**Required work**. Would you copy, word for word, each line from the one with "Iridescent Light Green" to the end of the listing below, skipping all pictures?

**Records to process**.
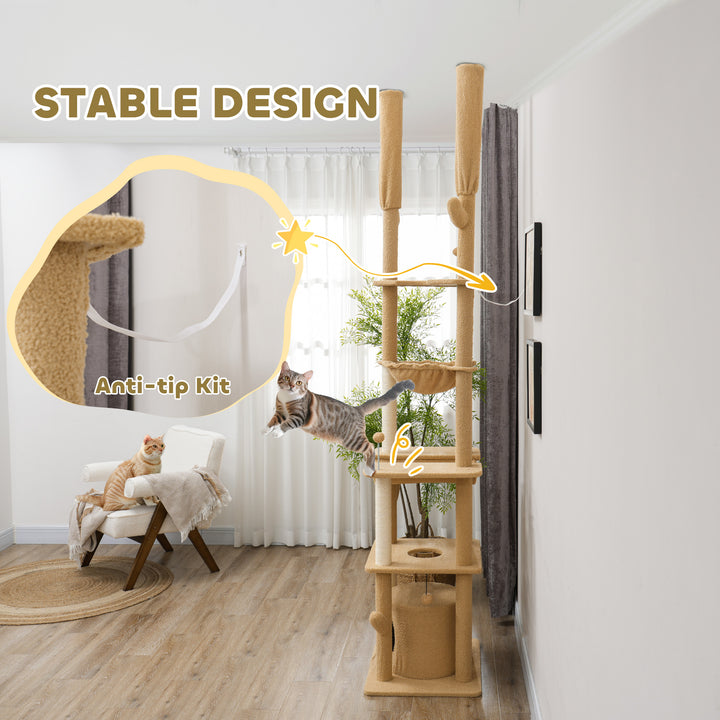 PawHut 89"-100" Floor to Ceiling Cat Tree Cat Tower for Large Cats w/ Scratching Posts, Grooming Brush Post, Cat Condo, Green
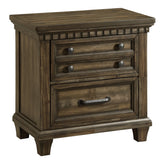 Elements International - MCCOY CHARCOAL NIGHTSTAND - Dark Brown|Dark Gray Wood - Nightstands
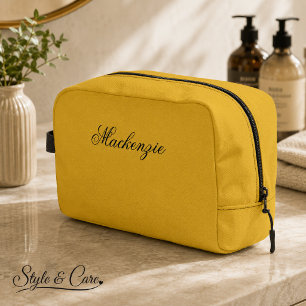 Trousse de toilette personnalisée en métal doré de
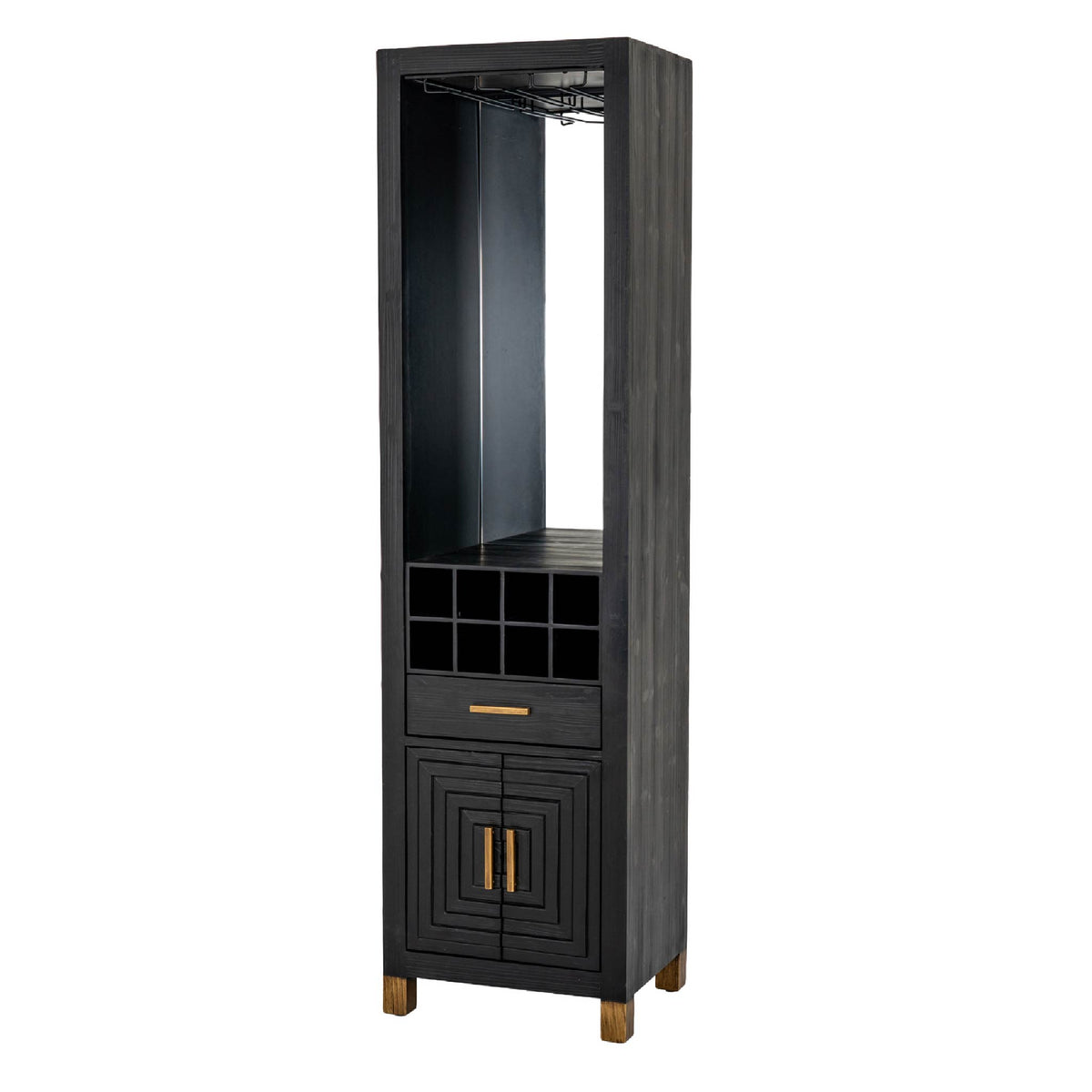 Hill Interiors Lennox Black Drinks Unit Wine Cabinet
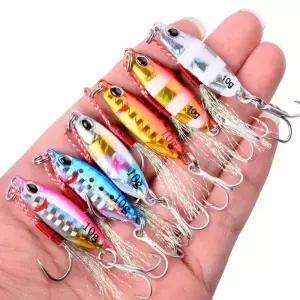 7PCS 금속 캐스트 지그 스푼 10/15/20/25/30/40G 캐스팅 물고기 농어 낚시 미끼 인공 태클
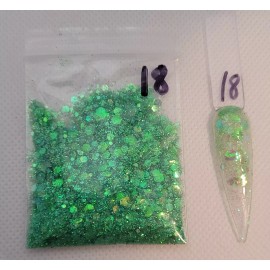 Iridescent Light Green Glitter Mix - Craft - Nail Art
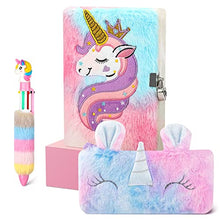 Carica l&#39;immagine nel visualizzatore di Gallery, Cooyou Diario Segreto Bambina con Lucchetto, Set di Taccuino in Peluche Unicorno Include Un A5 Unicorno Diario Segreto per Bambina, Regalo per Bambina di 5 6 7 8 9 10 11 12 Anni, Colorato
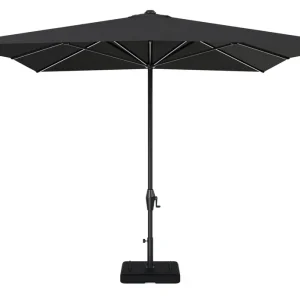 Viola staanparasol in zwart aluminium met zwart weather+ softtouch parasoldoek - L1 300 x L2 400 cm met parasolvoet Intenso 60 kg Beste Prijs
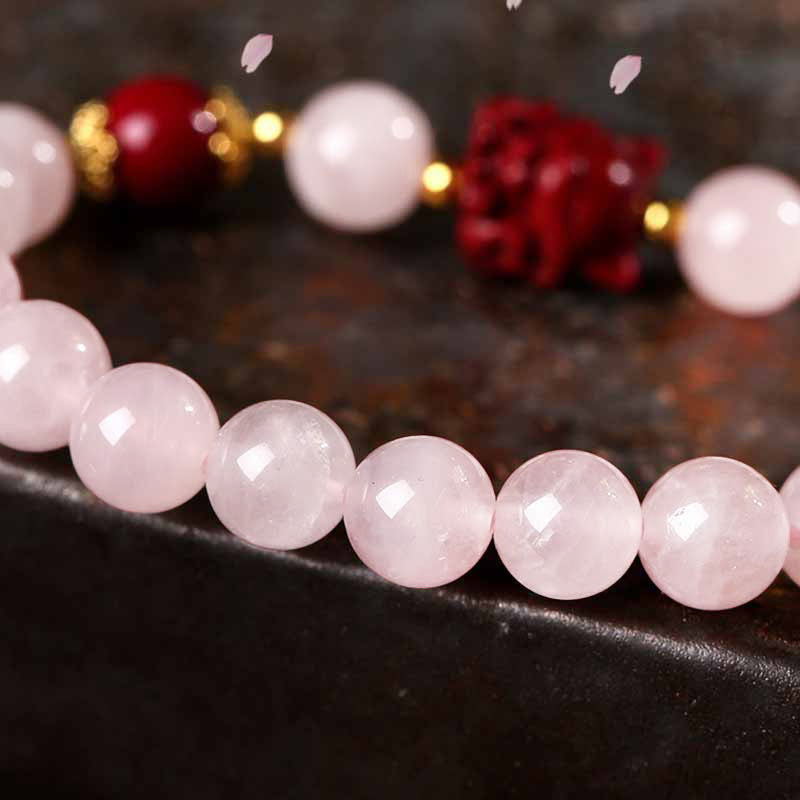 KarmaRipple's Authentic Pink Gemstone Cinnabar Nine Tailed Fox Love Bracelet p4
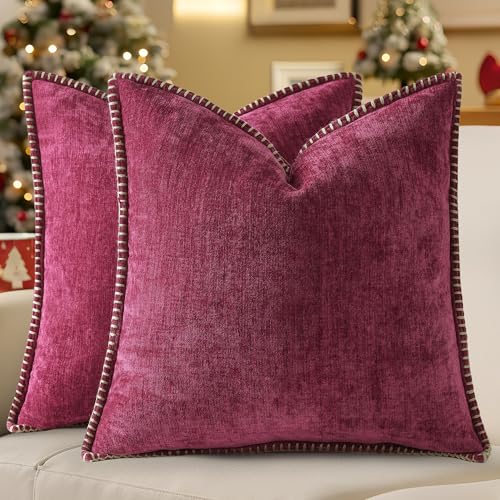 Image of decorUhome Fall Chenille Soft Cozy Throw Pillow Covers 18x18 Set of 2, Modern Farmhouse Boho Velvet Decorative Pillow Cases with Stitched Edge for Couch Sofa Bed Home Decor, Rhododendron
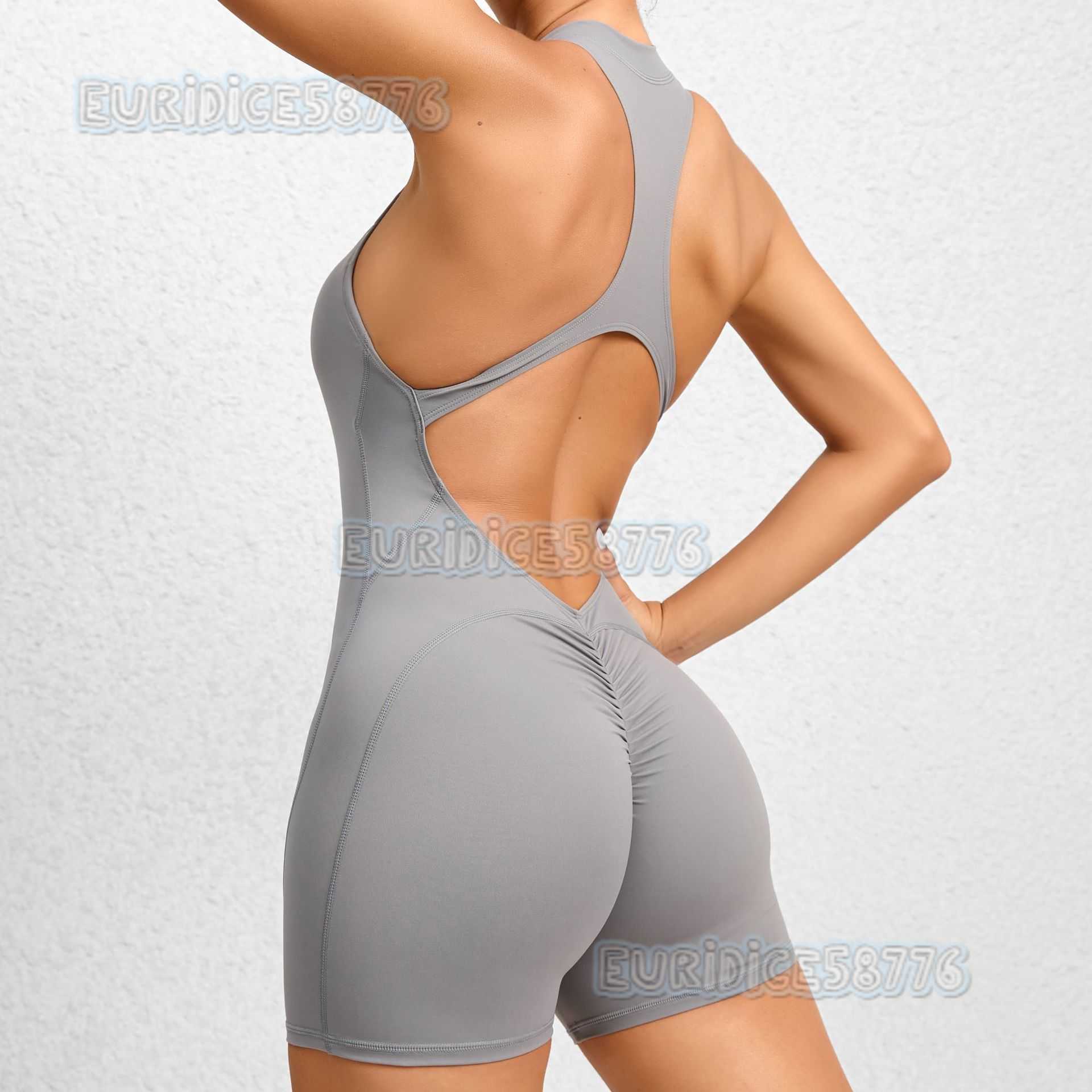 Seamless Tight Zipper Sports Yoga Pants Peach Butt Onepiece Quickdry Wrinkled Fitness Jumpsuit H250825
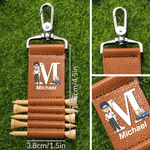Personalisierte Cartoon Character Initial PU Leder Golf Tee Halter Tasche Tag mit Namen und 5 Pcs Bambus Tees Spiel Tag Geburtstag Geschenk für Golfspieler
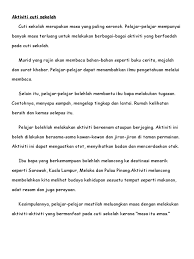 Contoh karangan aktiviti berfaedah semasa cuti sekolah. Aktiviti Cuti Sekolah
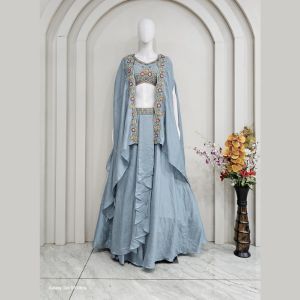 Grey-Georgette-Lehenga-with-Embroidered-Choli-and-Jacket-bunty-babli
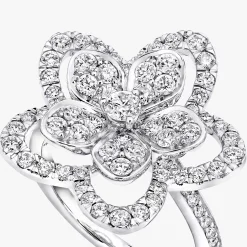 Graff Wild Flower Large Diamond Ring^ White Gold|Wild Flower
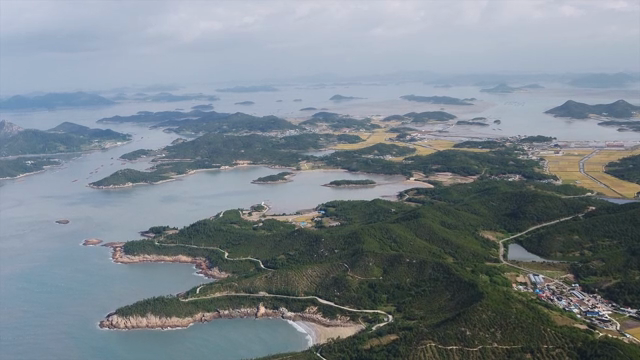Scenic view of islands and coastline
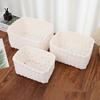3Pcs Woven Storage Basket Natural Rattan Paper Rope Stackable Square Open Design for Kitchen Bedroom Living Room Bathroom Storage Organizers Home Tidy
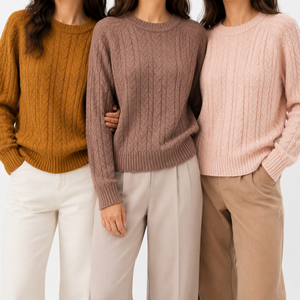 Suéter de Punto Trenzado para Mujer, Cuello Redondo, Manga Larga, Color Mostaza, para Uso Diario |   Proveedor OEM ODM - Product Image 3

**Solution**.
 Iridescent Light Green Glitter Mix - Craft - Nail Art
 Carica l&#39;immagine nel visualizzatore di Gallery, Cooyou Diario Segreto Bambina con Lucchetto, Set di Taccuino in Peluche Unicorno Include Un A5 Unicorno Diario Segreto per Bambina, Regalo per Bambina di 5 6 7 8 9 10 11 12 Anni, Colorato
 Viola staanparasol in zwart aluminium met zwart weather+ softtouch parasoldoek - L1 300 x L2 400 cm met parasolvoet Intenso 60 kg Beste Prijs
 KarmaRipple's Authentic Pink Gemstone Cinnabar Nine Tailed Fox Love Bracelet p4
 Image of decorUhome Fall Chenille Soft Cozy Throw Pillow Covers 18x18 Set of 2, Modern Farmhouse Boho Velvet Decorative Pillow Cases with Stitched Edge for Couch Sofa Bed Home Decor, Rhododendron
 Seamless Tight Zipper Sports Yoga Pants Peach Butt Onepiece Quickdry Wrinkled Fitness Jumpsuit H250825
Personalisierte Cartoon Character Initial PU Leder Golf Tee Halter Tasche Tag mit Namen und 5 Pcs Bambus Tees Spiel Tag Geburtstag Geschenk für Golfspieler
 Contoh karangan aktiviti berfaedah semasa cuti sekolah. Aktiviti Cuti Sekolah
 Grey-Georgette-Lehenga-with-Embroidered-Choli-and-Jacket-bunty-babli
 Graff Wild Flower Large Diamond Ring^ White Gold|Wild Flower
Scenic view of islands and coastline
3Pcs Woven Storage Basket Natural Rattan Paper Rope Stackable Square Open Design for Kitchen Bedroom Living Room Bathroom Storage Organizers Home Tidy
 Suéter de Punto Trenzado para Mujer, Cuello Redondo, Manga Larga, Color Mostaza, para Uso Diario |   Proveedor OEM ODM - Product Image 3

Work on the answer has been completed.